━━━ Data excerpts ━━━

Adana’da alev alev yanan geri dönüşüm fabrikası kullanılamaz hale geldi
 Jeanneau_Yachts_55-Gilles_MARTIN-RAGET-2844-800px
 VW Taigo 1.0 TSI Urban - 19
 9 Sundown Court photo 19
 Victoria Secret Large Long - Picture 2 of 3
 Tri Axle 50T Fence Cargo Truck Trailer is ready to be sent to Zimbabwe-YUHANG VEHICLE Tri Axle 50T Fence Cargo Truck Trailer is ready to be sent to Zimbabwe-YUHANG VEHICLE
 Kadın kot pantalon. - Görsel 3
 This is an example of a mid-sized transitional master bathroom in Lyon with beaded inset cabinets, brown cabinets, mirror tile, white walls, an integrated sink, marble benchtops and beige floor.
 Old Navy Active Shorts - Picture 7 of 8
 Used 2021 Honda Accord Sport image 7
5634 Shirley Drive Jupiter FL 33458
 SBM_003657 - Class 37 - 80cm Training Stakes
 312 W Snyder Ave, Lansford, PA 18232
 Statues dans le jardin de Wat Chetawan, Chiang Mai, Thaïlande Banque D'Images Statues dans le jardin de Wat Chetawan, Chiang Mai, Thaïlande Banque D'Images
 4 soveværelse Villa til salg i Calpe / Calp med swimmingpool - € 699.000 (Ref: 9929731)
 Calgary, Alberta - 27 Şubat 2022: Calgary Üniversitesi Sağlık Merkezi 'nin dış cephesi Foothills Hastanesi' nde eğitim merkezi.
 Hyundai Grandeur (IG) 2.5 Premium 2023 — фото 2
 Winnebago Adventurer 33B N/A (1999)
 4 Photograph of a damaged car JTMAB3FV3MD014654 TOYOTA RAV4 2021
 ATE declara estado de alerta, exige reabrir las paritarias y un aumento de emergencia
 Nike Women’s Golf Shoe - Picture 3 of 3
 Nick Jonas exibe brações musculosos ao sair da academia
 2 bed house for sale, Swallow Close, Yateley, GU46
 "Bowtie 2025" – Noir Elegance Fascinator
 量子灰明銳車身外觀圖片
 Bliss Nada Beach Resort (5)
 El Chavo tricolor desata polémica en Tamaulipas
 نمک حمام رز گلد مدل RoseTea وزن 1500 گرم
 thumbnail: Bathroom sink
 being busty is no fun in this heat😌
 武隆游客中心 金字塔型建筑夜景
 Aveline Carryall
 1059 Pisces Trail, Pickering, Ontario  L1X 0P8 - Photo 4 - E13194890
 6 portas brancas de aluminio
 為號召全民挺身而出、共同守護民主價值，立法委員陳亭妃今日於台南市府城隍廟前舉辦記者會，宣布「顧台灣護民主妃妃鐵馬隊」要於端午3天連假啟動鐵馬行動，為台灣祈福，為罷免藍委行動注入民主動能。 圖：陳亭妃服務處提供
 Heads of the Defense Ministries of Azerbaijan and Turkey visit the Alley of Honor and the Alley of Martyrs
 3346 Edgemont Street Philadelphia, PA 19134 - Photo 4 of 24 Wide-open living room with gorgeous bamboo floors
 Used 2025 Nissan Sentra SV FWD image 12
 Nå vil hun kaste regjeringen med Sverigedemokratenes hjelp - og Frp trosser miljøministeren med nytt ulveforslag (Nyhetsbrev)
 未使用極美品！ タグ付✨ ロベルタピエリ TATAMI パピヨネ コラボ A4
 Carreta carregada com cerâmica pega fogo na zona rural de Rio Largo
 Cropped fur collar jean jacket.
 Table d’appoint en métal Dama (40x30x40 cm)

━━━

Each entry must be reproduced verbatim.

Adana’da alev alev yanan geri dönüşüm fabrikası kullanılamaz hale geldi
 Jeanneau_Yachts_55-Gilles_MARTIN-RAGET-2844-800px
 VW Taigo 1.0 TSI Urban - 19
 9 Sundown Court photo 19
 Victoria Secret Large Long - Picture 2 of 3
 Tri Axle 50T Fence Cargo Truck Trailer is ready to be sent to Zimbabwe-YUHANG VEHICLE Tri Axle 50T Fence Cargo Truck Trailer is ready to be sent to Zimbabwe-YUHANG VEHICLE
 Kadın kot pantalon. - Görsel 3
 This is an example of a mid-sized transitional master bathroom in Lyon with beaded inset cabinets, brown cabinets, mirror tile, white walls, an integrated sink, marble benchtops and beige floor.
 Old Navy Active Shorts - Picture 7 of 8
 Used 2021 Honda Accord Sport image 7
5634 Shirley Drive Jupiter FL 33458
 SBM_003657 - Class 37 - 80cm Training Stakes
 312 W Snyder Ave, Lansford, PA 18232
 Statues dans le jardin de Wat Chetawan, Chiang Mai, Thaïlande Banque D'Images Statues dans le jardin de Wat Chetawan, Chiang Mai, Thaïlande Banque D'Images
 4 soveværelse Villa til salg i Calpe / Calp med swimmingpool - € 699.000 (Ref: 9929731)
 Calgary, Alberta - 27 Şubat 2022: Calgary Üniversitesi Sağlık Merkezi 'nin dış cephesi Foothills Hastanesi' nde eğitim merkezi.
 Hyundai Grandeur (IG) 2.5 Premium 2023 — фото 2
 Winnebago Adventurer 33B N/A (1999)
 4 Photograph of a damaged car JTMAB3FV3MD014654 TOYOTA RAV4 2021
 ATE declara estado de alerta, exige reabrir las paritarias y un aumento de emergencia
 Nike Women’s Golf Shoe - Picture 3 of 3
 Nick Jonas exibe brações musculosos ao sair da academia
 2 bed house for sale, Swallow Close, Yateley, GU46
 "Bowtie 2025" – Noir Elegance Fascinator
 量子灰明銳車身外觀圖片
 Bliss Nada Beach Resort (5)
 El Chavo tricolor desata polémica en Tamaulipas
 نمک حمام رز گلد مدل RoseTea وزن 1500 گرم
 thumbnail: Bathroom sink
 being busty is no fun in this heat😌
 武隆游客中心 金字塔型建筑夜景
 Aveline Carryall
 1059 Pisces Trail, Pickering, Ontario  L1X 0P8 - Photo 4 - E13194890
 6 portas brancas de aluminio
 為號召全民挺身而出、共同守護民主價值，立法委員陳亭妃今日於台南市府城隍廟前舉辦記者會，宣布「顧台灣護民主妃妃鐵馬隊」要於端午3天連假啟動鐵馬行動，為台灣祈福，為罷免藍委行動注入民主動能。 圖：陳亭妃服務處提供
 Heads of the Defense Ministries of Azerbaijan and Turkey visit the Alley of Honor and the Alley of Martyrs
 3346 Edgemont Street Philadelphia, PA 19134 - Photo 4 of 24 Wide-open living room with gorgeous bamboo floors
 Used 2025 Nissan Sentra SV FWD image 12
 Nå vil hun kaste regjeringen med Sverigedemokratenes hjelp - og Frp trosser miljøministeren med nytt ulveforslag (Nyhetsbrev)
 未使用極美品！ タグ付✨ ロベルタピエリ TATAMI パピヨネ コラボ A4
 Carreta carregada com cerâmica pega fogo na zona rural de Rio Largo
 Cropped fur collar jean jacket.
 Table d’appoint en métal Dama (40x30x40 cm)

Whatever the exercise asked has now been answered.